Lo stesso grillismo, l’invettiva apparentemente dissacratoria del
guitto qualunquista che fa di tutte le erbe un fascio, che ruggisce
contro i partiti, contro tutti i partiti (“Sono peggio della mafia”),
rappresentati indistintamente e in quanto tali come una tenia che
prosciuga le sostanze vitali dei cittadini e della società operosa, non
prepara alcuna palingenesi purificatrice. Porta semmai acqua al mulino
di Monti, all’autocrate liberista che a sua volta non sopporta i
partiti, la dialettica parlamentare e ancor meno quella sociale, mentre
governa il Paese nel nome e per conto di un’oligarchia finanziaria che
agisce al di fuori di ogni controllo e legittimazione democratica.

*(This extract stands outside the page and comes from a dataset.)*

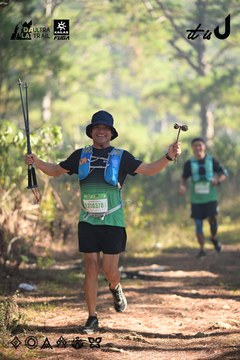 Dalat Ultra Trail 2026 - Ảnh #4878861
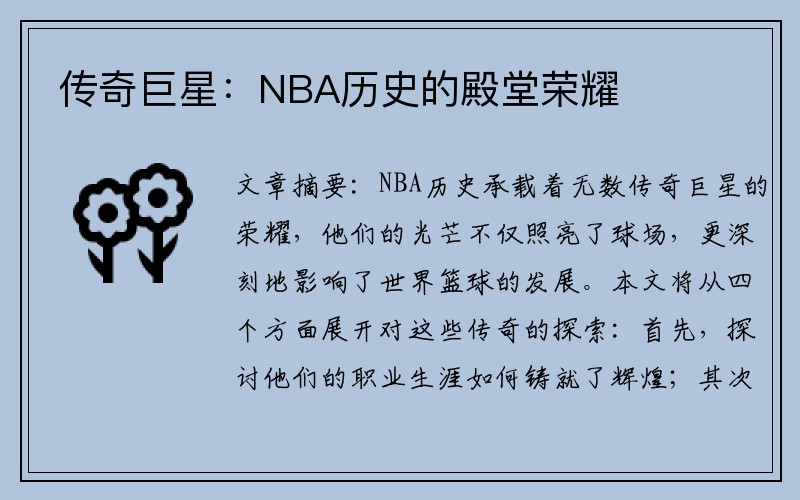 传奇巨星：NBA历史的殿堂荣耀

Il suo governo che regge (pro tempore?) le redini del Paese si è
intestato la più devastante delle manovre antisociali: distruzione del
sistema previdenziale, liquidazione dell’articolo 18 dello Statuto dei
diritti dei lavoratori, inserimento del vincolo di pareggio di bilancio
in Costituzione e approvazione (anch’essa con il beneplacito del Pd) del
fiscal compact: misure che nella loro intrinseca architettura bastano a
demolire forma e sostanza della Carta.
Oggi più che mai, di fronte alla confusione, all’inerzia e alla
complicità di una sinistra “moderata” che sembra avere del tutto perso
il senso di una propria missione, almeno civilizzatrice; di fronte al
balbettio sconfortante di un sindacato che – con la sola eccezione della
Fiom e del sindacato di base – rincula senza respiro strategico, è
indispensabile che torni in campo la sinistra, quella che ha resistito
alle abiure ideologiche e ha saputo saldarsi a ciò che di più vitale
hanno prodotto i movimenti e le pratiche sociali antiliberiste. Per
indicare una strada del tutto nuova, utile tanto a formulare una
risposta diversa alla crisi, quanto a prefigurare un progetto di società
umana e solidale, dove uguaglianza e libertà tornino ad essere,
concretamente, fari della lotta politica e obiettivi della
trasformazione.
Il prossimo 12 maggio la Federazione della sinistra chiama alla
mobilitazione unitaria tutti e tutte coloro che credono e vogliono che i
giochi – in Italia e in Europa – non siano ancora fatti e pensano sia
tempo di lavorare uniti per rendere credibile un’alternativa.